The solution? Inheritance tax can be used to fund education so as to create that level playing field and broad opportunities, or, perhaps, used to fund capital grants to young entrepreneurs. This is exactly the sort of scheme favoured by Bruce Ackerman and Anne Alstott, in their book The Stakeholder Society, where they advocate capital grants to each individual of $80,000 at the start of their working lives, funded by a progressive estate tax. One of the interesting features of this sort of scheme is that it is all about using the state to facilitate individual responsibility and to create opportunities, rather than simply doling out welfare. This is a much purer vision of a free market society than societies that are gummed-up and ossified by inherited advantage.

(5) Why the Left Needs To Be Less Defensive about Inheritance Tax
Just like the Democrats in the US, the Labour Party has tended to be somewhat defensive when reacting to proposals to abolish or reduce IHT. Rather than simply emphasizing that not all that many people pay IHT, Labour should be trying the difficult task of transforming public opinion on the issue. Perhaps the strongest arguments for IHT appeals to ideas of reciprocity and fairness that are very commonly shared.

Teddy Roosevelt took the view that “The man of great wealth owes a peculiar obligation to the State, because he derives special advantages from the mere existence of government.” There would be no good in being wealthy if one could not enjoy stable property rights, the protection of the police, and the peace of a well-defended country, all of which need to be paid for. And individuals do not make their money in a vacuum, but by building on a broad history of innovation and development. This sort of reciprocity argument is also made by Bill Gates, Sr., father of the Bill Gates of Microsoft, in his book Wealth and Our Commonwealth: Why America Should Tax Accumulated Fortunes. This sort of argument can get broad purchase with those of every political stripe, as is demonstrated by the fact that Roosevelt and Gates are hardly “soak the rich” firebrands or loonie lefties.

When one looks clearly at inheritance tax in terms of a concern with fairness and opportunity, it’s difficult to see why it has become so unpopular.
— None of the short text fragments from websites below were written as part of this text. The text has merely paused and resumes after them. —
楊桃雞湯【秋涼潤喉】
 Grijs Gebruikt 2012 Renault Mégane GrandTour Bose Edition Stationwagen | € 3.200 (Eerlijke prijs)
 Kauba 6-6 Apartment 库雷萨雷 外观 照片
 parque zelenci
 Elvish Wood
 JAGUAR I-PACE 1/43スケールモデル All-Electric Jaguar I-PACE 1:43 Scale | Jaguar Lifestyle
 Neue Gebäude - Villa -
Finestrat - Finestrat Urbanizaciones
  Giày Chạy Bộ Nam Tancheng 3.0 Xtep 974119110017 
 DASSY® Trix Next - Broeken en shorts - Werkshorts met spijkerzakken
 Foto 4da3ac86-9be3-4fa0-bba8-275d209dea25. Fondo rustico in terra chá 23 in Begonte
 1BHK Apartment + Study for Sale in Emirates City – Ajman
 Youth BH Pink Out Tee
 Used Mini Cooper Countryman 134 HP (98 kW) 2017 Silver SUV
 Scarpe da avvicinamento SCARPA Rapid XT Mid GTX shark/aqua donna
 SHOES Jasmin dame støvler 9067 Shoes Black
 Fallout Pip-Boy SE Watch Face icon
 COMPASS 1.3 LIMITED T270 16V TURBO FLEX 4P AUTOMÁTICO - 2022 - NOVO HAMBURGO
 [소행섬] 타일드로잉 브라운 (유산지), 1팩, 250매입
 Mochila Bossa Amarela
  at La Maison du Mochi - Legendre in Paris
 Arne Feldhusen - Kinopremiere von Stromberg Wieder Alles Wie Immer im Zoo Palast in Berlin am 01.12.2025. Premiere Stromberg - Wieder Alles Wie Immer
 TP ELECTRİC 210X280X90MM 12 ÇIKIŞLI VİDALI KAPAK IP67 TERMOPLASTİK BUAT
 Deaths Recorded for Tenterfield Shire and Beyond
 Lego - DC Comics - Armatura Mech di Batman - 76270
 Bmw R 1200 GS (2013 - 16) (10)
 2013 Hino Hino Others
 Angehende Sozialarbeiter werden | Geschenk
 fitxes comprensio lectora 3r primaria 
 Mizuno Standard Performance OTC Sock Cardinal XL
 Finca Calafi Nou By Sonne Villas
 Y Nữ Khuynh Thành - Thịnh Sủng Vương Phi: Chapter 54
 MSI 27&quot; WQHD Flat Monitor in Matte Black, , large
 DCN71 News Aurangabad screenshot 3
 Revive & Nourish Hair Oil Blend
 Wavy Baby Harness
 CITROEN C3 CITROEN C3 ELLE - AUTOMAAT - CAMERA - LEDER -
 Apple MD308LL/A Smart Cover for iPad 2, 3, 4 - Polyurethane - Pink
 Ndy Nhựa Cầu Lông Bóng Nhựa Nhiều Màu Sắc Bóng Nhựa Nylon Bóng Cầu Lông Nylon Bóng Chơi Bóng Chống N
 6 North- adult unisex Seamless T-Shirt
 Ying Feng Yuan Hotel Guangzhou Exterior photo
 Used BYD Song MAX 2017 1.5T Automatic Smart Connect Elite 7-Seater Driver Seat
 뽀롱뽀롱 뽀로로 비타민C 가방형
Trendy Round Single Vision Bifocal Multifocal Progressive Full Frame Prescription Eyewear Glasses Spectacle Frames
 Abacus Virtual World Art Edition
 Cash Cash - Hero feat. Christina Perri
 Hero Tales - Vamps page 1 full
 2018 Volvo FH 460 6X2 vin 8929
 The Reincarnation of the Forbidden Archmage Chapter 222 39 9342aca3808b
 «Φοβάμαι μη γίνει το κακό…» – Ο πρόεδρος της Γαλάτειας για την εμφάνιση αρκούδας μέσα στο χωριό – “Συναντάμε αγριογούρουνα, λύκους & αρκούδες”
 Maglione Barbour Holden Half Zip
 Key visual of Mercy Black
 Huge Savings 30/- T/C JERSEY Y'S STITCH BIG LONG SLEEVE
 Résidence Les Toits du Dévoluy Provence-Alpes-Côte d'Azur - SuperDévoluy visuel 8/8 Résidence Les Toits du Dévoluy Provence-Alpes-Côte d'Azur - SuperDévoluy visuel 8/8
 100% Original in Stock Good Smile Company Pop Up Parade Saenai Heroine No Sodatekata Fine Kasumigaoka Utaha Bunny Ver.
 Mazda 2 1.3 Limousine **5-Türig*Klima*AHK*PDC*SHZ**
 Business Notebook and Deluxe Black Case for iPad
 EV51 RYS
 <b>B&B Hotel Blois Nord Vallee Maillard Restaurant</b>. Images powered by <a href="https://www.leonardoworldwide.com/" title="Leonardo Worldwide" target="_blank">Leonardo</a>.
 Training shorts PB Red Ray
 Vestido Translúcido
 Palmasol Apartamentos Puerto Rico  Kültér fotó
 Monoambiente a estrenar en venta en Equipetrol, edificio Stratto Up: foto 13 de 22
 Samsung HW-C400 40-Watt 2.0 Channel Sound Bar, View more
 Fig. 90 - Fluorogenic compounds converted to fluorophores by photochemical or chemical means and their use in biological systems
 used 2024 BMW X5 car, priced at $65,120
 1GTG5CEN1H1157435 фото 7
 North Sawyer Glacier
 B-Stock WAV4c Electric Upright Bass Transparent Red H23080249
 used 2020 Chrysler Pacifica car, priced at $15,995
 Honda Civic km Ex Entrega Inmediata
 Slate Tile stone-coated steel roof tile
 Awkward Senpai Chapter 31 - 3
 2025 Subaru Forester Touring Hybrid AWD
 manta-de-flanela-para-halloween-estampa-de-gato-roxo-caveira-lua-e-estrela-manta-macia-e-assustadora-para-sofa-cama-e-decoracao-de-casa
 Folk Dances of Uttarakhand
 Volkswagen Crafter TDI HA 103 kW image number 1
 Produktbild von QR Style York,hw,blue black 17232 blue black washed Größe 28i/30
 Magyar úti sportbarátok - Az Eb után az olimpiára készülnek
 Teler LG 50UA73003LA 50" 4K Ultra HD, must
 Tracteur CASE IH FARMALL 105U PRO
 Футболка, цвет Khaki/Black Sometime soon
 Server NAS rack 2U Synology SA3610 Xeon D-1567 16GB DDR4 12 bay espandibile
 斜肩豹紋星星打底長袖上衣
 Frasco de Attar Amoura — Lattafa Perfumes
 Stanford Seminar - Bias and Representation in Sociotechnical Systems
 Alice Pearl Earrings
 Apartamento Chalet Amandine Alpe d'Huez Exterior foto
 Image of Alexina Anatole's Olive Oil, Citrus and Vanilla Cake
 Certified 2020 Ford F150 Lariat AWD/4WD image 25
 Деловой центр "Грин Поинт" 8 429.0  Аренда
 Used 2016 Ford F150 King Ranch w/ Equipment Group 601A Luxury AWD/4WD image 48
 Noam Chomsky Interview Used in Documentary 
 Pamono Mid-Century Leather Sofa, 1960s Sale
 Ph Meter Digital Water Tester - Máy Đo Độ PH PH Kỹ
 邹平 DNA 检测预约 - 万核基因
Perhaps it is significant that many of those whose families would lose out most massively from a fair system of inheritance tax are precisely those who own some of our most influential newspapers, and who have the spare resources to exert political influence through lobbying and political donations. If so, that gives one more kind of democratic argument for why IHT is a vital policy in a fair and progressive country.

To return from abstract arguments to concrete policies, what should Labour do about IHT, in reaction to the Tory proposals? The answer comes from an unexpected direction. The American philosopher John Rawls, in his final book Justice as Fairness, suggests that a just society should have a system of IHT that taxed beneficiaries rather than estates. In that way, inheritance could be taxed much more like income, and hence inheritance tax could be made progressive, through orienting it towards receivers rather than donors. Large estates need not attract any taxation, as long as they were dispersed among a number of relatively disadvantaged recipients. At the same time, even small estates could be taxed heavily if they were all left to others who were themselves already wealthy. Under this system of IHT, there could be no objection that the state was stopping middle-income families from “setting something aside” for their children. But, at the same time, this form of IHT would prevent wealth-transfers which greatly widened existing inequalities.

Such a system of beneficiary-centred IHT could command easier public support than the existing system, and which would be deeply progressive in its effects. Best of all, under such a revised system, Granny need not worry at all, as she would be free to pass on her estate to her modestly well-off grandchildren (although not, perhaps, to those of her grandchildren who were already millionaires). Recipient-centred IHT would be a system of progressive Inheritance Tax that would be worth having, and worth arguing for. It might also help to undercut some of our common irrationalities about death and taxes.